Assignment: Please reproduce the data exactly, though every picture must stay out.

Data extract:
►
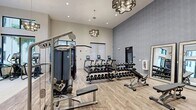 Located at 3260 Stockton Street in North Fort Myers, FL, this fitness center offers a comprehensive and thoughtfully designed exercise facility spread across a single, open floor. The main exercise room impresses with soaring ceilings and an abundance of natural light streaming through large, floor-to-ceiling windows that offer views of the surrounding outdoor landscape. Stylish geometric chandelier pendant lights add an upscale touch to the space, complementing the warm, wood-look plank flooring throughout.

The facility is fully equipped with a wide array of strength and cardio equipment, including cable machines, a multi-rack dumbbell station with adjustable bench, treadmills with personal display screens, stair climbers, and ellipticals. A dedicated studio room features bold, colorful wall art, Matrix cycling bikes, and a weight bench with barbell rack, making it ideal for focused training sessions.

A separate flex room with textured accent wallpaper and full-length wall mirrors provides an open area for stretching, yoga, or group exercise. A built-in media console with a mounted flat-screen TV, integrated water fountain, and storage cabinetry serves as a convenient amenity station. The overall ambiance is modern and polished, offering both functionality and an elevated aesthetic for an engaging workout environment.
◄
Task solution:
 Located at 3260 Stockton Street in North Fort Myers, FL, this fitness center offers a comprehensive and thoughtfully designed exercise facility spread across a single, open floor. The main exercise room impresses with soaring ceilings and an abundance of natural light streaming through large, floor-to-ceiling windows that offer views of the surrounding outdoor landscape. Stylish geometric chandelier pendant lights add an upscale touch to the space, complementing the warm, wood-look plank flooring throughout.

The facility is fully equipped with a wide array of strength and cardio equipment, including cable machines, a multi-rack dumbbell station with adjustable bench, treadmills with personal display screens, stair climbers, and ellipticals. A dedicated studio room features bold, colorful wall art, Matrix cycling bikes, and a weight bench with barbell rack, making it ideal for focused training sessions.

A separate flex room with textured accent wallpaper and full-length wall mirrors provides an open area for stretching, yoga, or group exercise. A built-in media console with a mounted flat-screen TV, integrated water fountain, and storage cabinetry serves as a convenient amenity station. The overall ambiance is modern and polished, offering both functionality and an elevated aesthetic for an engaging workout environment.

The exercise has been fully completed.